英文:
No FileSystem for scheme "az" error when trying to read csv from ADLS Gen2 using PySpark
问题
import pandas as pd
import pyspark.pandas as ps
我正在尝试使用pyspark pandas API来比较两个类似的脚本的性能(一个使用pandas,另一个通过pandas接口使用pyspark)。然而,我在从我们的ADLS Gen 2存储中导入数据到pyspark时遇到了问题。
当我运行以下代码时,它按预期工作:
df_pandas = pd.read_csv(f"az://container/path/to/file.csv", sep=';', dtype=str)
然而,当我使用pyspark pandas API运行相同的代码时:
df_spark = ps.read_csv(f"az://container/path/to/file.csv", sep=';', dtype=str)
但是,当我运行这个代码时,会抛出以下错误:
Py4JJavaError: An error occurred while calling o1840.load.
: org.apache.hadoop.fs.UnsupportedFileSystemException: No FileSystem for scheme "az"

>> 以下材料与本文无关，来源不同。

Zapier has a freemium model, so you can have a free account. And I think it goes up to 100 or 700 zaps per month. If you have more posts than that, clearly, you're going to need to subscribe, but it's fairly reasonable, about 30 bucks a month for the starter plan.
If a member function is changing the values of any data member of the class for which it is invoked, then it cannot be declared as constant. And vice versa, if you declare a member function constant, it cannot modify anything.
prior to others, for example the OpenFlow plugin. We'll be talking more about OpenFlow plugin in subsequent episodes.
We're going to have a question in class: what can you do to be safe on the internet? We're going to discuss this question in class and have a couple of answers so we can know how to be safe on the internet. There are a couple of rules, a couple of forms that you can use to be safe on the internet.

我在网上查找并找到其他人遇到了类似问题,他们在使用AWS时遇到了问题,但我不确定如何在Azure上解决这个问题。我尝试将“az”替换为“abfs”,但然后我会收到以下错误:
An error occurred while calling o1852.load.

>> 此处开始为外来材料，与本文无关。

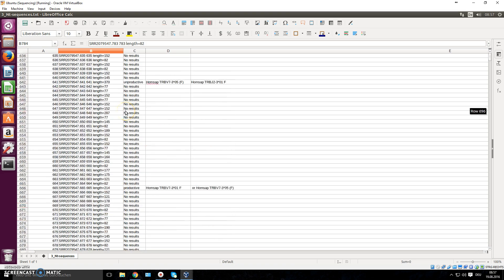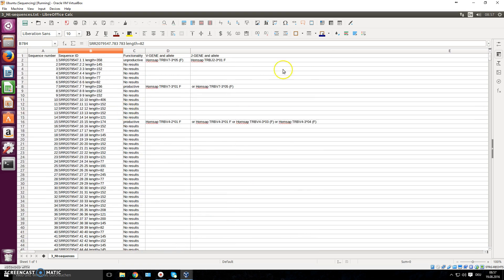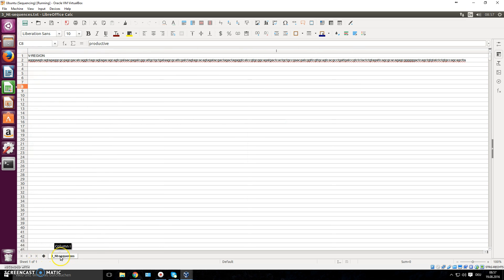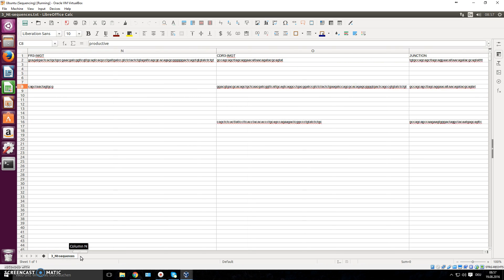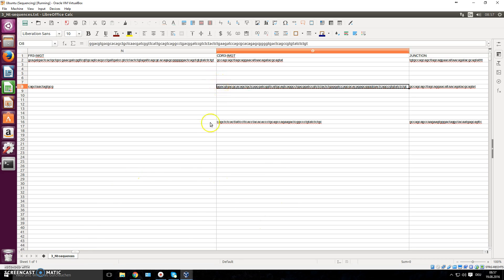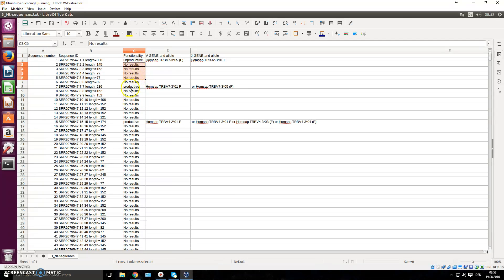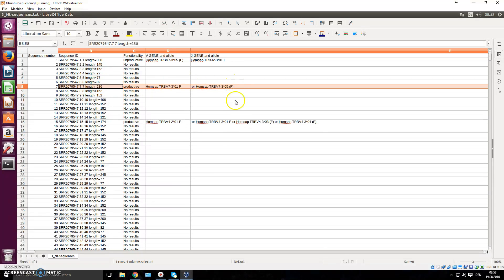Open that file up and you can see what kind of information is in here. You have a sequence number ID, you have the functionality — unproductive, no results, or productive — and go ahead and look at all the different columns. You have the V region that's been annotated, and here you'll have the CDR3 region, which is a very important region. The next step is further analyzing this — for example, removing all 'no results' and extracting all the productive lines into a separate folder, which we'll do in a separate video. That's how you align your TCR data with IMGT.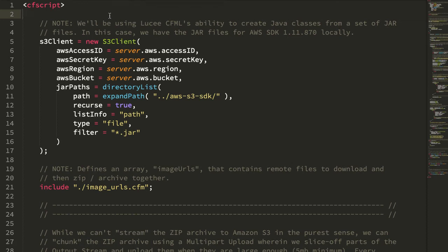The other week, I took a look at using the ZIP output stream as a means to incrementally build and then incrementally stream a ZIP archive to the browser in Lucee CFML. In a conversation on Twitter with James Moberg after that post, we started to talk about generating ZIP files asynchronously. This got me thinking about Amazon S3 — could I generate a ZIP file asynchronously and then stream it up to S3?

: abfs://container/path/to/file.csv has invalid authority.
顺便说一下,我是从Azure Synapse笔记本上运行这些代码的。
英文:
import pandas as pd
import pyspark.pandas as ps
I am trying to use the pyspark pandas api to compare performance between two similar scripts (one using pandas and one using pyspark through the pandas interface). However, I have trouble importing my data in pyspark from our ADLS Gen 2 storage.
When I run the following code it works as expected:
df_pandas = pd.read_csv(f"az://container/path/to/file.csv",sep=';', dtype=str)
However when I run the same using the pyspark pandas api:
df_spark = ps.read_csv(f"az://container/path/to/file.csv",sep=';', dtype=str)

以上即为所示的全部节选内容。